# [WORK REQUEST]
For this exercise, the lines from the one with "学百年党史做先锋少年黑板报图片" through the final line of the data below are to be transcribed exactly, and pictures are to be skipped.

# [EXERCISE MATERIALS]

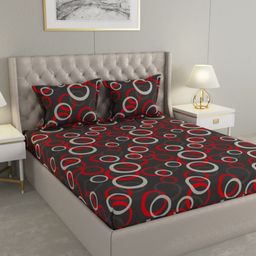 Raymond Home Insignia Charcoal & Red Geometric Printed Queen Bedsheet Set- 2.50 m x 2.25 m-26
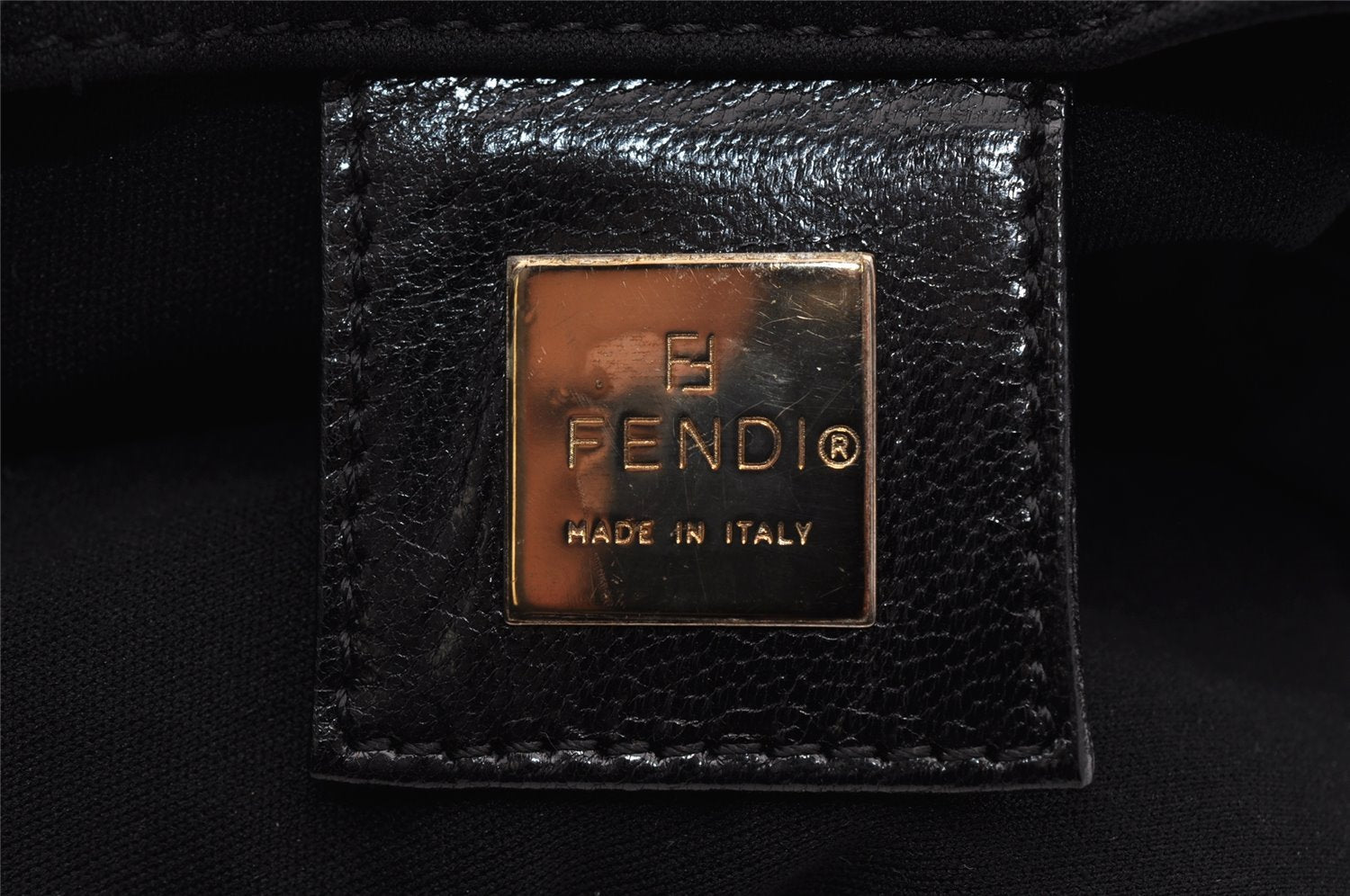 Authentic FENDI Vintage Jersey Leather Shoulder Tote Bag Purse Black 2646I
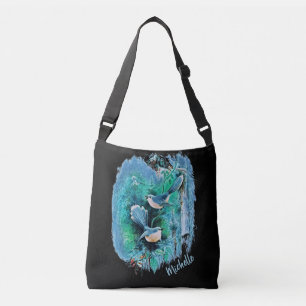 Winter Blue Birds Painting With Name Crossbody Bag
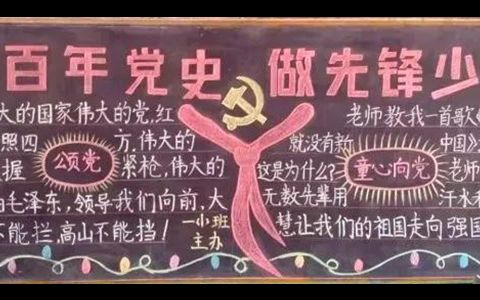 学百年党史做先锋少年黑板报图片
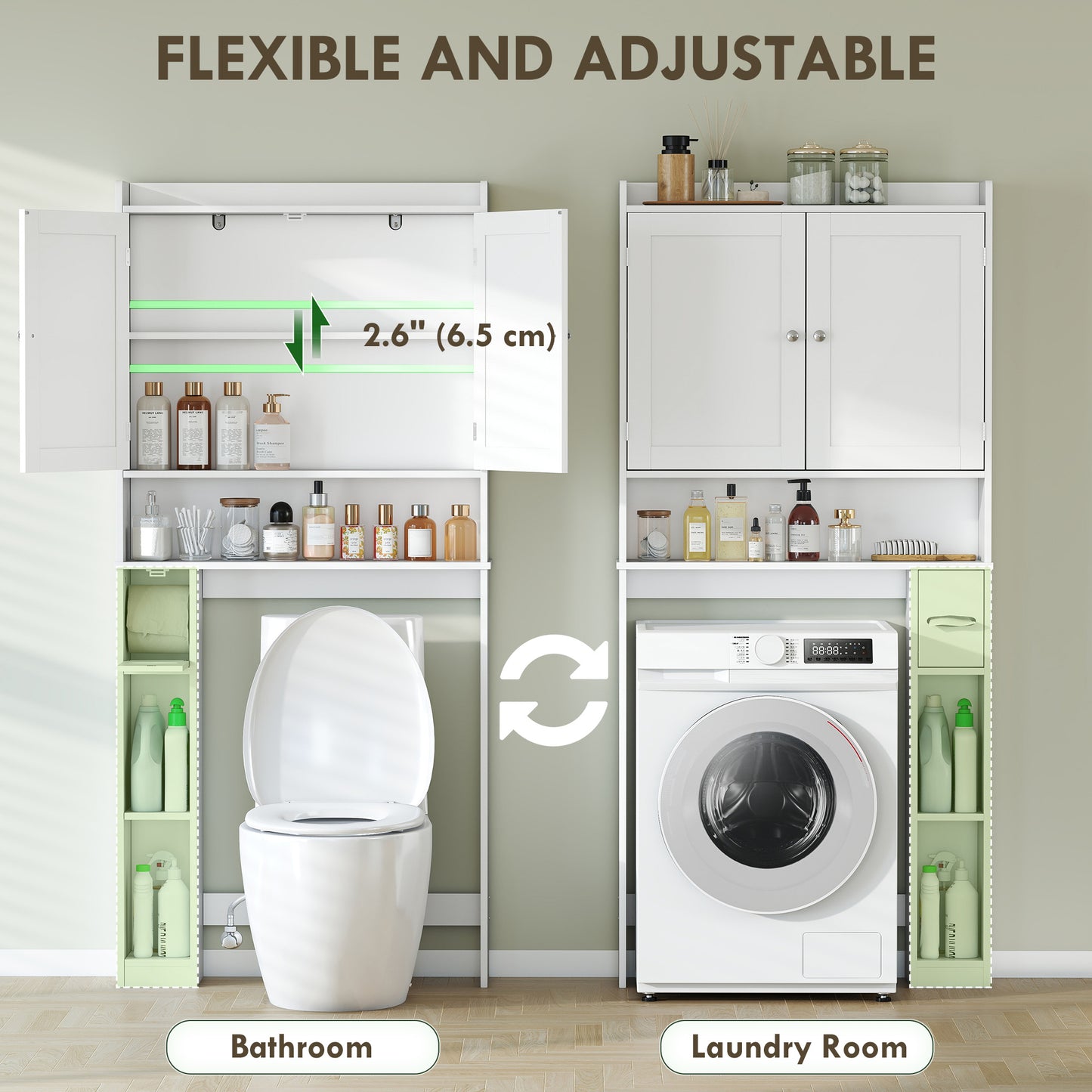 Modern Over the Toilet Storage Cabinet with 2 Doors, Above Commode Storage Cabinet with Toilet Paper Holder, White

# [TASK OUTPUT]
 学百年党史做先锋少年黑板报图片
 Modern Over the Toilet Storage Cabinet with 2 Doors, Above Commode Storage Cabinet with Toilet Paper Holder, White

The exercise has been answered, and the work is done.